Find your art style through Winslow Homer or John Singer Sargent

“Who do you prefer: Winslow Homer or John Singer Sargent?”  This was the big question of the once-in-a-lifetime exhibit American Watercolor at the Philadelphia Museum of Art.  I drove 7 hours to see and then answer this question myself.

Why once-in-a-lifetime exhibit?  Museums hate to display or lend their watercolor masterworks because the paper is so fragile and the colors are so light-sensitive.  So Curator Kathleen A. Foster worked for several decades to get the rarely-seen watercolors all in one place.

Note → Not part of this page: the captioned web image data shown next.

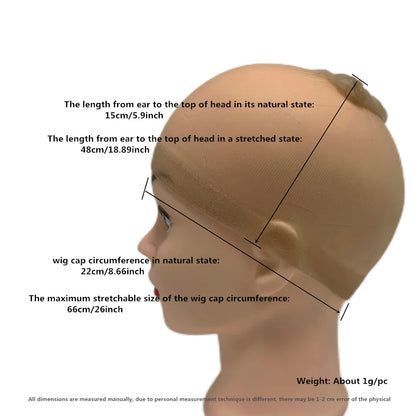 2/10/20Pieces Ultra-Thin HD Sheer Invisible Stocking Wig Caps for Women Bald Cap Lace Front Wig Accessories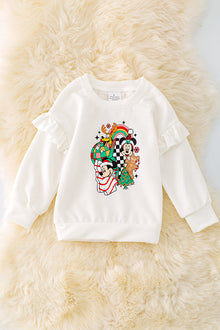  TPG40289 SOL: White Christmas character sweatshirt with ruffle sleeve.🎄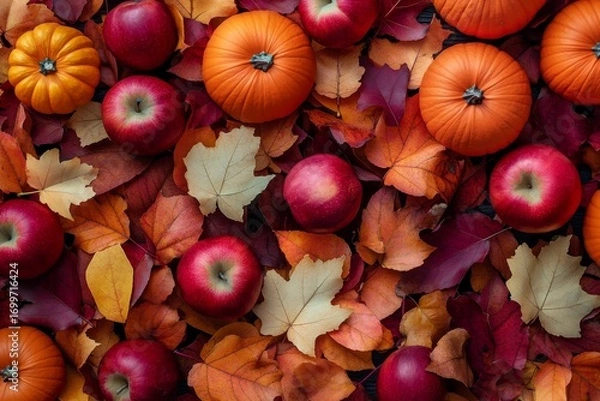 Fototapeta Vibrant autumnal display of ripe apples and pumpkins nestled amidst a rich tapestry of colorful leaves.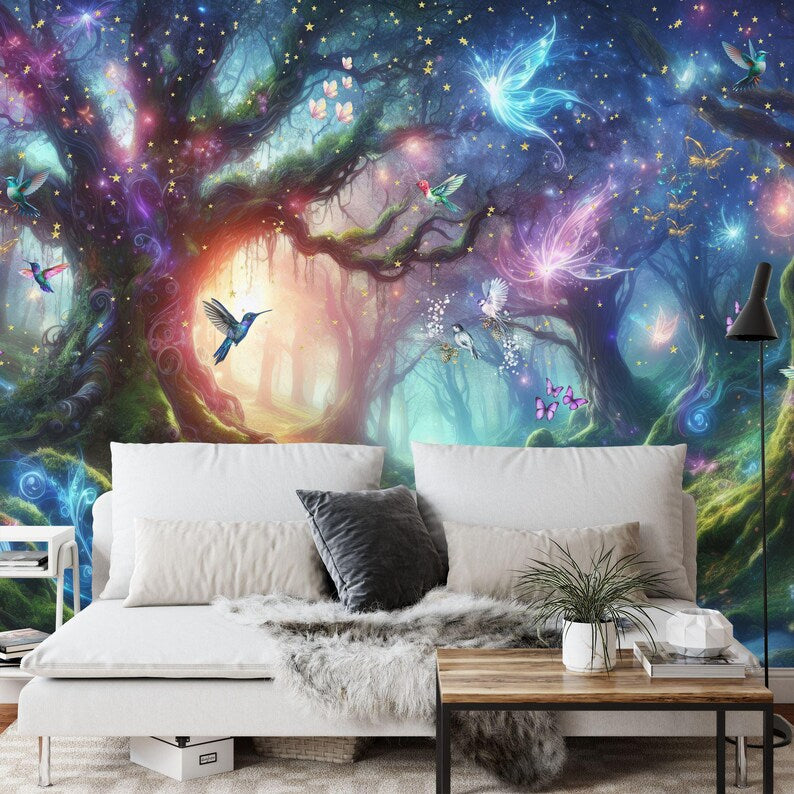 Enchanted Forest Night Wallpaper Mural, Magical Moonlit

In the fourth gallery, was the irresistible side-by-side comparison of Homer and Sargent paintings of the same subjects.

But what if the question was:  What your preference between Homer or Sargent tells you about your art style?

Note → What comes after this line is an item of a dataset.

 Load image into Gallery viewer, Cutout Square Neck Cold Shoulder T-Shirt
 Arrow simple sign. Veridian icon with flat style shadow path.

  1.  If you prefer Homer – you prefer Bold Shapes, whereas if you prefer Sargent, effortless Intricate Shapes appeal to you:
    Diamond Shoal by Winslow Homer.  Private Collection.  Source: Philadelphia Museum of Art

    Boats, Venice by John Singer Sargent.  Source:
  2. Homer’s watercolors seem to have a wonderful Spontaneity about them, whereas Sargent’s Planning produces breathtaking results:
    Life-Size Black Bass by Winslow Homer.  Art Institute of Chicago

    Escutcheon of Charles V by John Singer Sargent.  The Metropolitan Museum of Art
  3. If you prefer Homer, a deep sense of Place appeals to you in your work, whereas Sargent brings a sense of Exploration from his ex-pat’s perspective:
    Boy fishing by Winslow Homer.  San Antonio Museum of Art

    Nicola_D'Inverno_Fishing_on_the_Val_d'Aosta_by_John_Singer_Sargent (1)
    Nicola D’Inverno Fishing on the Val d’Aosta by John Singer Sargent.  Private Collection.  Source: Granger Meador | CC BY-NC-SA 2.0


There is no doubt that both Homer and Sargent are the titans of American watercolors.  Your preference between the two can teach you a lot about your own style.  While I admire Sargent’s masterful handling of shapes and light, it is Homer’s bold shapes and deep sense of place that speak powerfully to me.

What has an artist pairing taught you about your style?